Work request.
Reproduce the full listing as it stands. Images do not belong in the copy.

*** Begin section ***

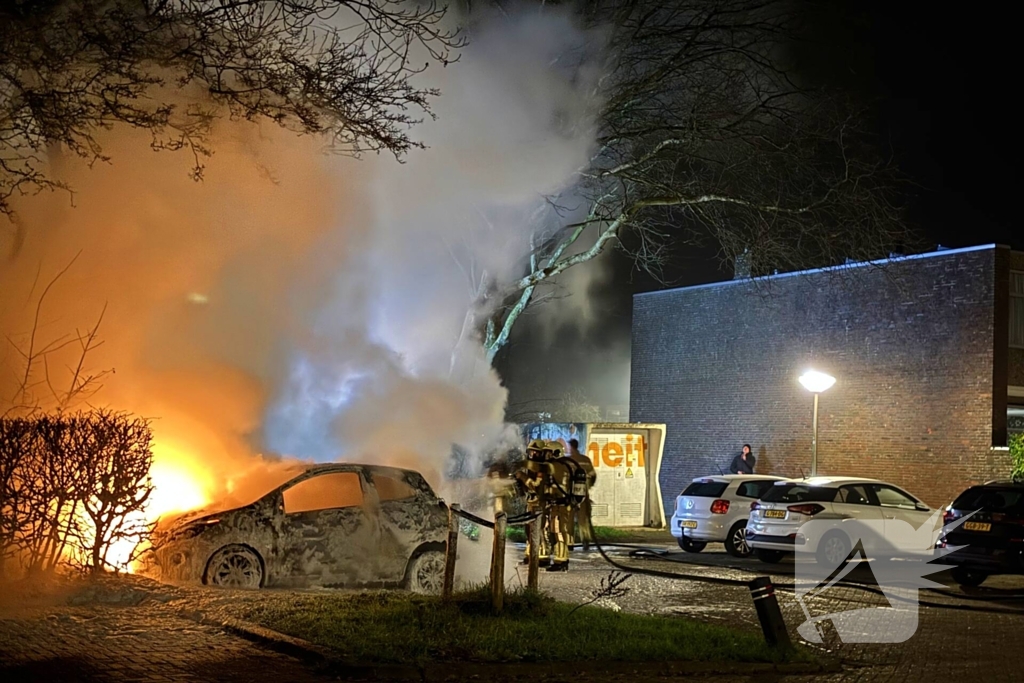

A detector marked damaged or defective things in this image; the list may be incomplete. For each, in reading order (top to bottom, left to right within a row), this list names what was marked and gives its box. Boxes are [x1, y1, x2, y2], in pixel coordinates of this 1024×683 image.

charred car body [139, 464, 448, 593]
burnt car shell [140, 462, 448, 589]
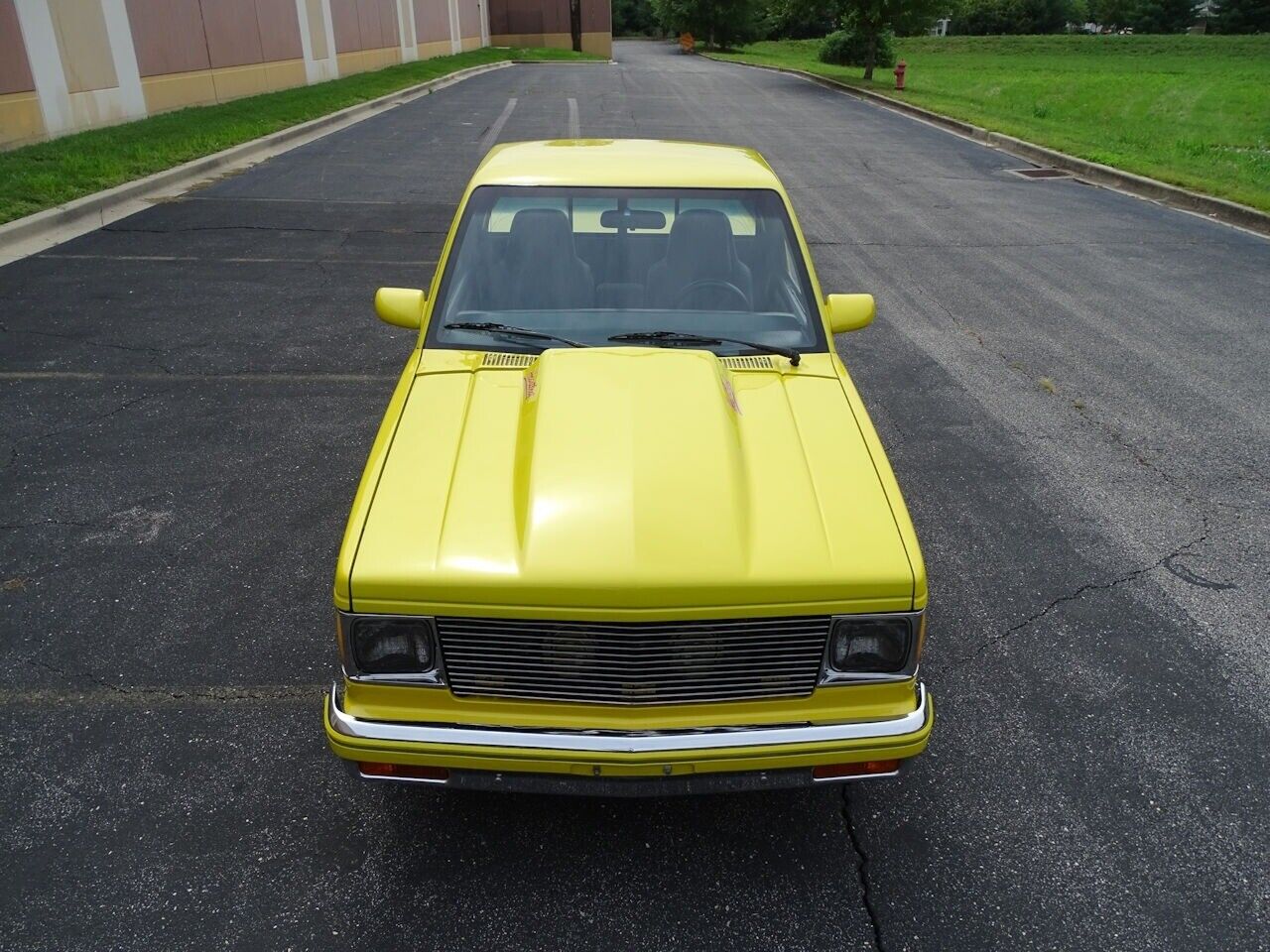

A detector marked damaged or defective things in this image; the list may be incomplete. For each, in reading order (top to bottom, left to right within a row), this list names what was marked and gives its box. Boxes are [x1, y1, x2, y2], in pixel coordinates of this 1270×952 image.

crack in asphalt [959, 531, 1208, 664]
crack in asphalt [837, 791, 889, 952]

*** End section ***

Written response.
A detector marked damaged or defective things in this image; the list may be incomplete. For each, in reading order (top to bottom, left to right within a row), this list names what was marked and gives its box. Boxes are [x1, y1, x2, y2], in pixel coordinates of this 1024×683 image.

charred car body [139, 464, 448, 593]
burnt car shell [140, 462, 448, 589]

A detector marked damaged or defective things in this image; the list may be incomplete. For each, in reading order (top to bottom, left to right within a row), this list names what was marked and gives its box. Boxes are [x1, y1, x2, y2], in pixel coordinates of this 1270×952 image.

crack in asphalt [959, 531, 1208, 664]
crack in asphalt [837, 791, 889, 952]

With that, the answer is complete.